C'mon really? Did you really need to go that far? You're a smart guy but you can get a bit ridiculous man lol.
Isn't this the case though? Where does responsibility cease? If you're trying to attribute it somewhere with regards to a film, where do you stop? It might seem obvious that janitors aren't responsible... but I'm trying to suggest the ambiguity of where we draw the line.
I think you are comparing apples and oranges, particularly in this case.
Equating Lincoln and Zerodarkthirty on the level of a farcical recollection of people and events, yes it is more complicated than one person intentionally making a statement that is patently false when consumed whole.
In both cases, we can trace the "Statement" back to the authority from which it mostly comes. In the case of Lincoln, we have Doris Goodwin. In the case of Zerodarkthirty, we have the Pentagon, State Department, and Administration consulting staffers and other retired former employees who provide similar consulting services.
No, this is exactly what I said some posts ago - regarding textual representation - that you're now choosing to ignore.
The "sources" you're identifying are nothing more than previous texts that are themselves interpretations of purported "history." They aren't essences of originary truth that the film is either trying to expose or conceal. There's nothing intentionally misleading about a film that appropriates material from these texts for a new representation. We can say that it deviates, and we can say that it ignores certain details; but we cannot give it the label of a "lie." To call it a lie means that it knows the supposed "truth" of what it says. You're misapplying terms and doing so in a damaging way.
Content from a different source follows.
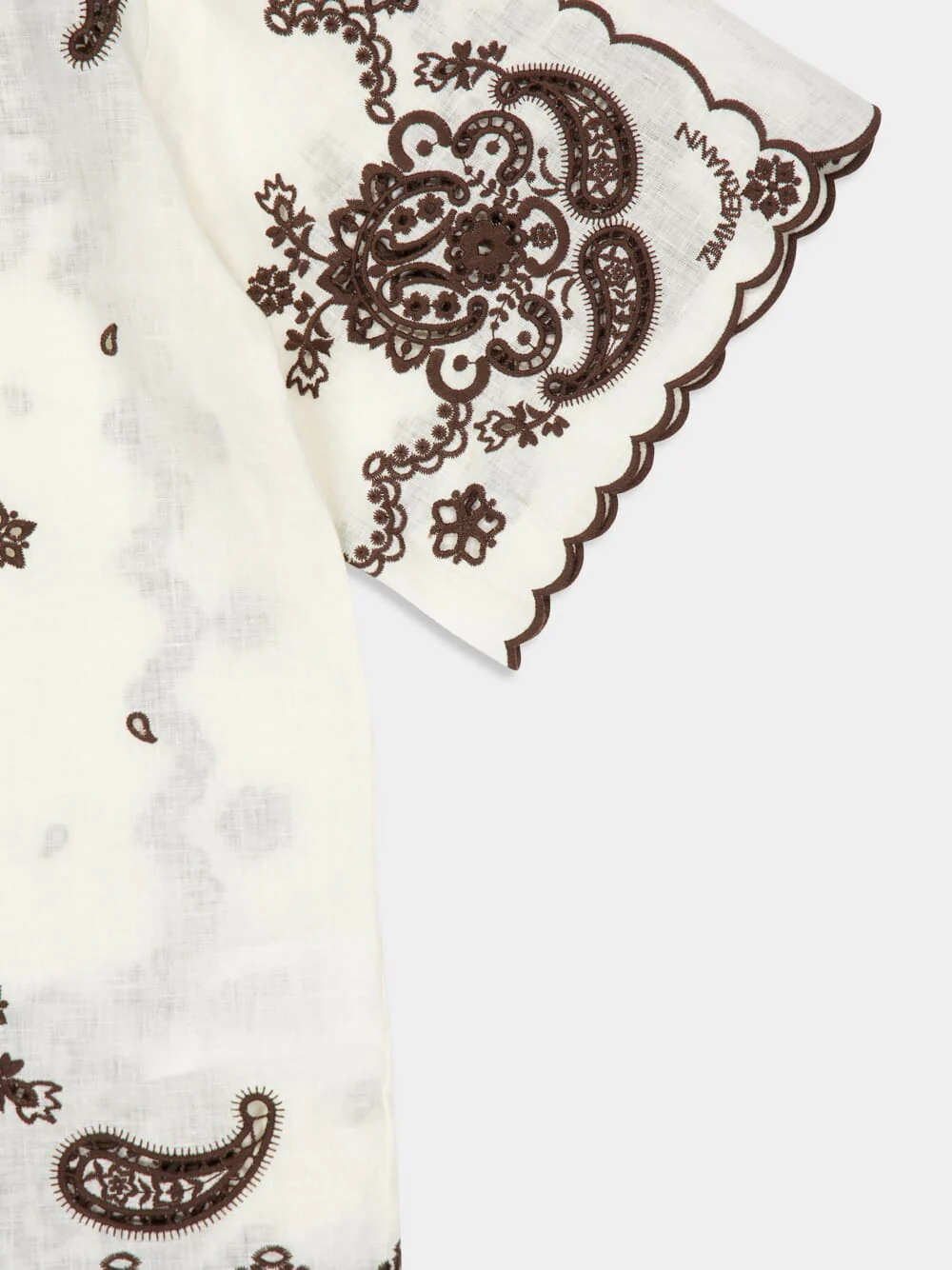 Ivory Chocolate Ascension Embroidered Shirt - Image 6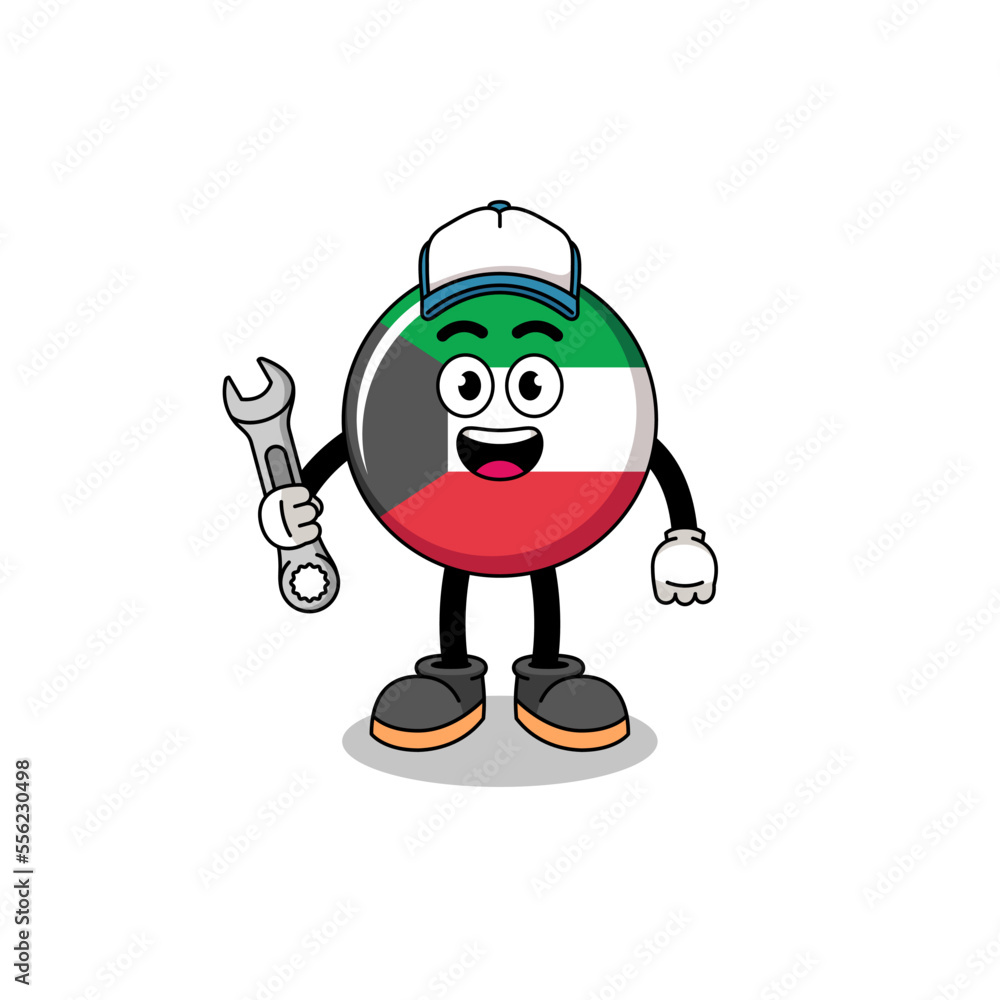 kuwait flag illustration cartoon as a mechanic kuwait flag illustration cartoon as a mechanic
Let us say I find a note written about you that says you like spinach. This is convenient because I work for a spinach company. I then find the writings of other people who either love spinach or work for other spinach companies, who have seen this note and they also have written extensively about your love for spinach. I write my own book comparing you to a real life Popeye and embellish further into assertions about your obvious prodigious strength from consumption of the Spinach you so love. I am not necessarily aware of the original lie, but I stretch the mistruth even further on my own accord. So I stack a lie on top of the lie I didn't know I was carrying forward.
There's a problem. There are plenty of documented times where you stated that you hate spinach and wish it were gone, and that the note was actually an attempt to pickup a girl you knew who loved spinach. But all this gets ignored to produce a fan favorite and convenient spinach lover narrative of Patrick's Love for Spinach.
You didn't love spinach. Your love for spinach is a lie.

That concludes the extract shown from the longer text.